思いおもいに塗られた窓枠、ひとつひとつ形の違うドア、歪みつつ均衡を保っている屋根瓦。
日本は植物が豊富だと言われるけれど、まだフランスの植生が珍しくて仕方がない。
あちこちにわさわさ揺れ落ちる紫の花とか、8階建てくらいの高さにしゅっと伸びた杉みたいな樹とか、いつまでも5月の芽吹きたてみたいな色をした葉がきらきら茂っているのとか、大きな種をつけた芥子、忙しく蜂が飛び交うさまざまな色の花。

何年も前だけれど2回目にヨーロッパに行った時、住むところも寄る人もいなくて、ただ自分がどうしてもそこで踊りたい場所からのオーディションの報せだけを頼りにオランダに行って、しかも到着の日付を間違えてホテルを予約してなかったり迷子になったりしたものだから、不安な気持ちばかりを抱えてで町を歩いた時に、ゴッホの絵にある空とか大地の色のことがやっと分かった。
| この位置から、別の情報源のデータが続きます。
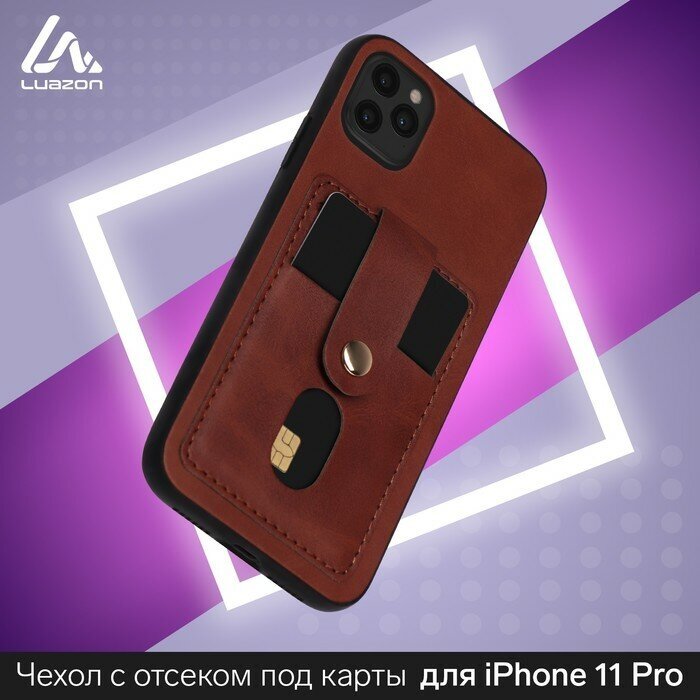 Luazon Home Чехол LuazON для iPhone 11 Pro, с отсеками под карты, кожзам, коричневый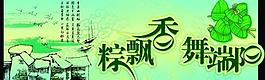 端午節(jié)海報(bào)設(shè)計(jì)PSD下載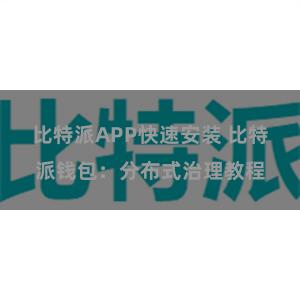 比特派APP快速安装 比特派钱包：分布式治理教程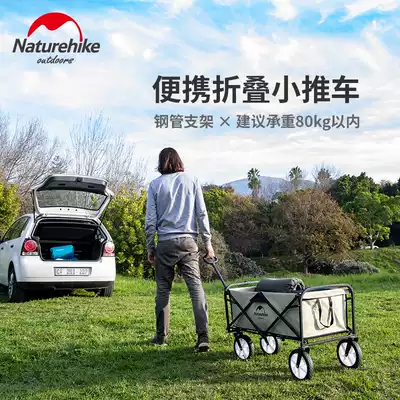 Naturehike outdoor folding stroller Portable camping picnic trolley Adjustable length Light hand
日本でゴッホの絵を見た時には、鮮やかな色使いがただ絵の中のものに見えていたんだけれど、実際にそこに広がる色と光を混ぜたら、たしかにああいう風にしてキャンバスに落としたいよなあ、と思って。

あの有名なオーヴェルの教会を見て、裏手に出ると、麦畑は地平線の向こうまで続いているみたいに見えてくらくらした。ポピーとか黄色い花が時々混ざっていて果てしもなく深くて、まだわたしは自分がこの場所にほんとうにいる、ということが馴染んでいない感じがする。
ゴッホとテオのお墓は仲良く並んでいて、大きなハイビスカスがそれをつないで、マルハナバチが忙しく出入りしていた。